米大統領選の結果を受けて、今日、11月7日に株のストラテジストが書くレポートのタイトルとして、「トランプ大統領で株価はどうなるか?」以外にふさわしいタイトルはない。おそらく多くの同業者が同じようなタイトルのレポートを書いていることだろう。御用とお急ぎでない方は、それらのレポートを一通り読んでみるとよいだろう。投資に関して有益な情報は何ひとつ得られないこと、請け合いである。じゃあ、なんで「それらのレポートを一通り読め」なんて言ったのか!とお怒りになる方もいるかもしれない。だから、「御用とお急ぎでない方は」と注釈をつけたではないか。がまの油売りの口上を聞くのと、同じくらいの暇つぶしにはなるでしょう。

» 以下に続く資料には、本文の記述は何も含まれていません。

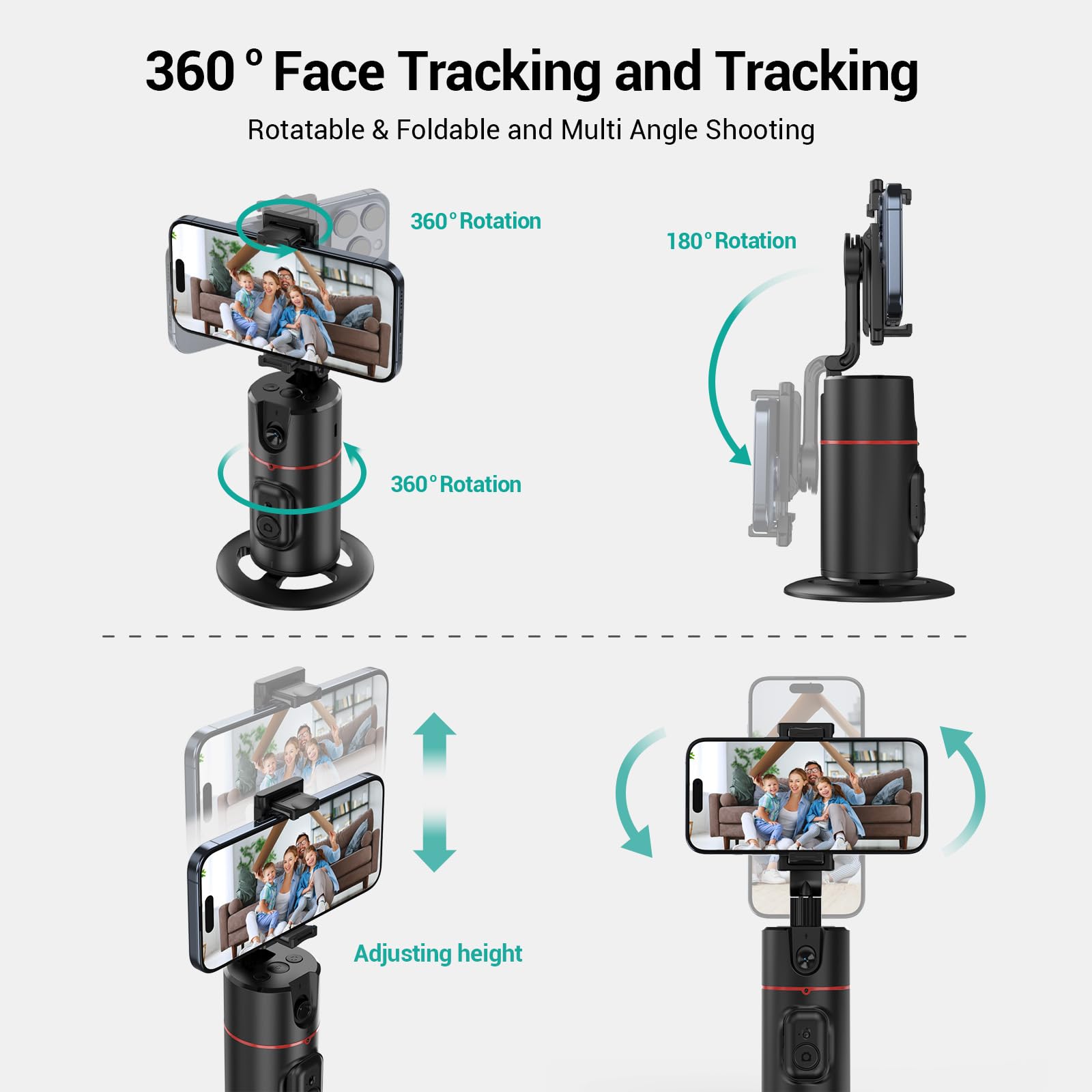 Auto Face Tracking Tripod 360° Rotating Auto Tracking Phone Holder, No App, Phone Camera Stand with Remote and Gesture Control, Smart Shooting Stand for Vlog/TIK Tok Live Video Recording - Medaid International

それで、本題。トランプ大統領で株価はどうなるか?だが、その答えは….
その答えは!?
その答えは!!!?
わかりません。
「トランプ大統領で株価はどうなるか?」「わからない」というのが答えである。
昨日11月6日の東京市場で日経平均は1005円高になった。NY市場ではダウ平均が1508ドル上げた。典型的なトランプ・トレードが起きた。しかし、それは「パブロフの犬」の反応である。「トランプ勝利ならドル高・株高」と刷り込まれていたので、その通りに反応しただけだ。条件反射である。なぜトランプならドル高・株高になるのか?ロジックはあるようで、ない。
トランプなら減税や規制緩和で米国の景気が良くなる、だからドルも強くなり株価も上がる、というのがひとつの根拠だが、それは短絡思考というものだ。
他の政策との兼ね合いも考慮しなければならないのは言うまでもない。関税は?当然、世界経済の下押し圧力になる。米国にとってはインフレの要因になる。そうなればFRB(米連邦準備制度理事会)の利下げはどうなる?場合によっては引き締めに転換するかもしれない。エネルギー政策は?EVは?移民政策は?様々な施策とそれらが米国景気に与える影響は、複雑すぎて予想が困難である。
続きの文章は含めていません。